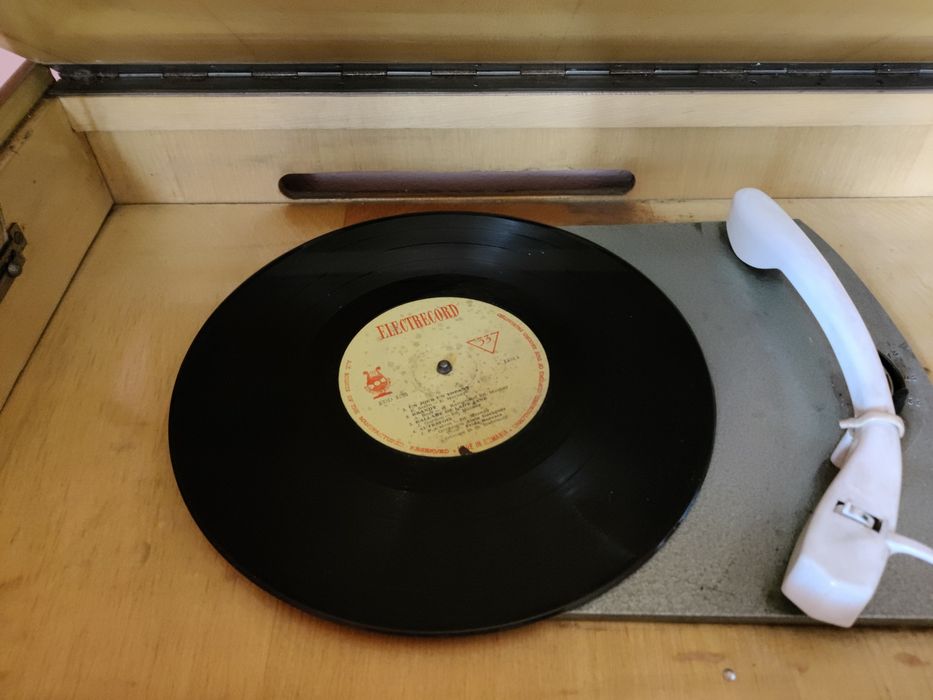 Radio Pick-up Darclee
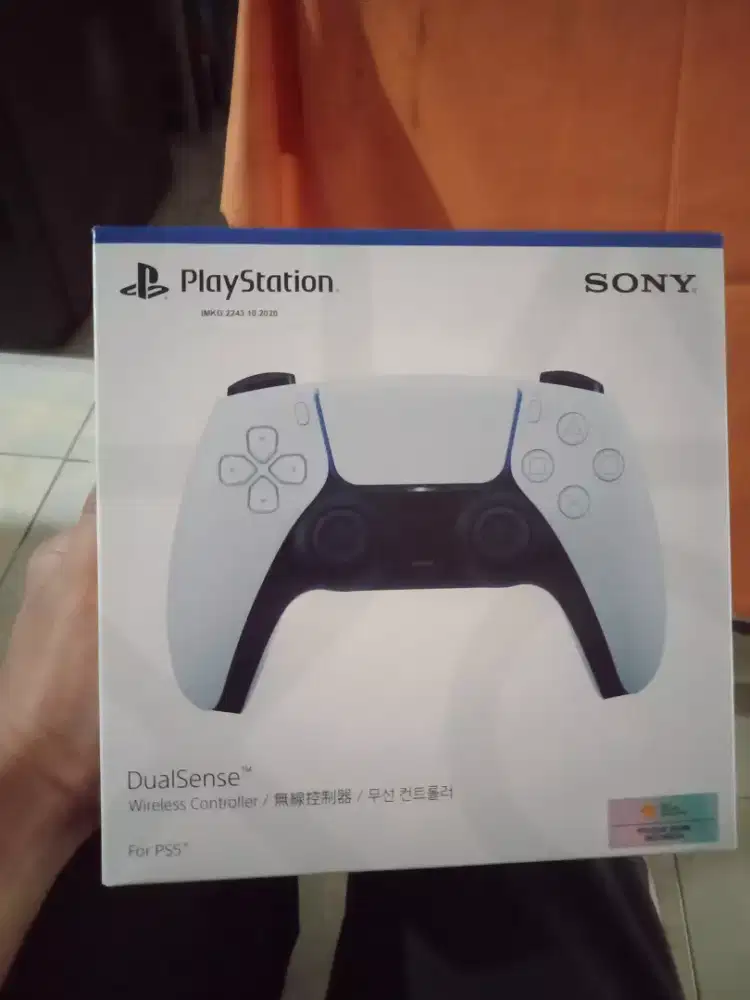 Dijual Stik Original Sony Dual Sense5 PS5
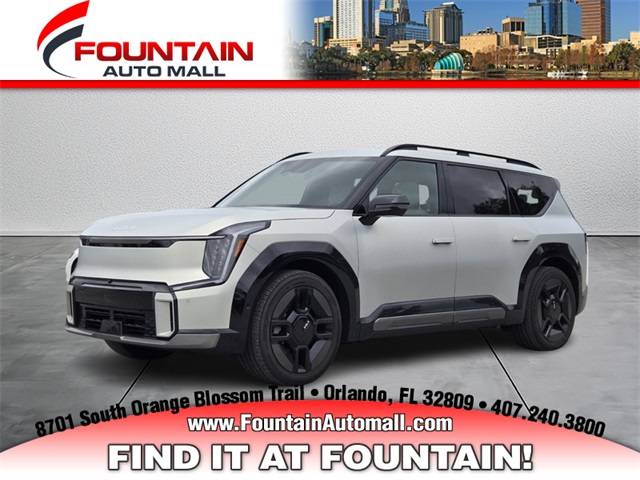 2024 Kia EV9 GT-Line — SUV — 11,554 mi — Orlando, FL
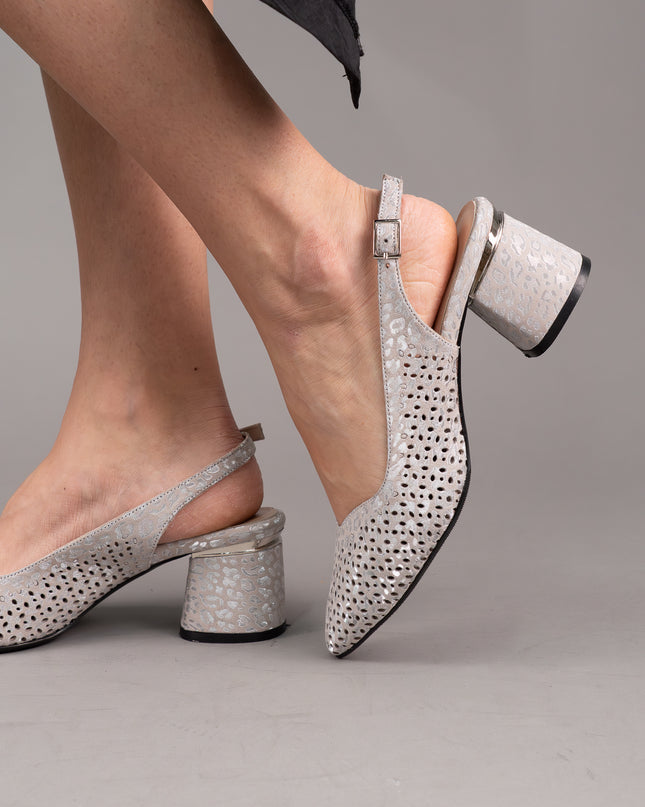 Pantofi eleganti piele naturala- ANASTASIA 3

ACTIVITY: Where the line containing "Dijual Stik Original Sony Dual Sense5 PS5" appears above, start there and set down each line exactly through the last line of the data; leave out every picture.

FINISHED TASK:
 Dijual Stik Original Sony Dual Sense5 PS5
 2024 Kia EV9 GT-Line — SUV — 11,554 mi — Orlando, FL
 Pantofi eleganti piele naturala- ANASTASIA 3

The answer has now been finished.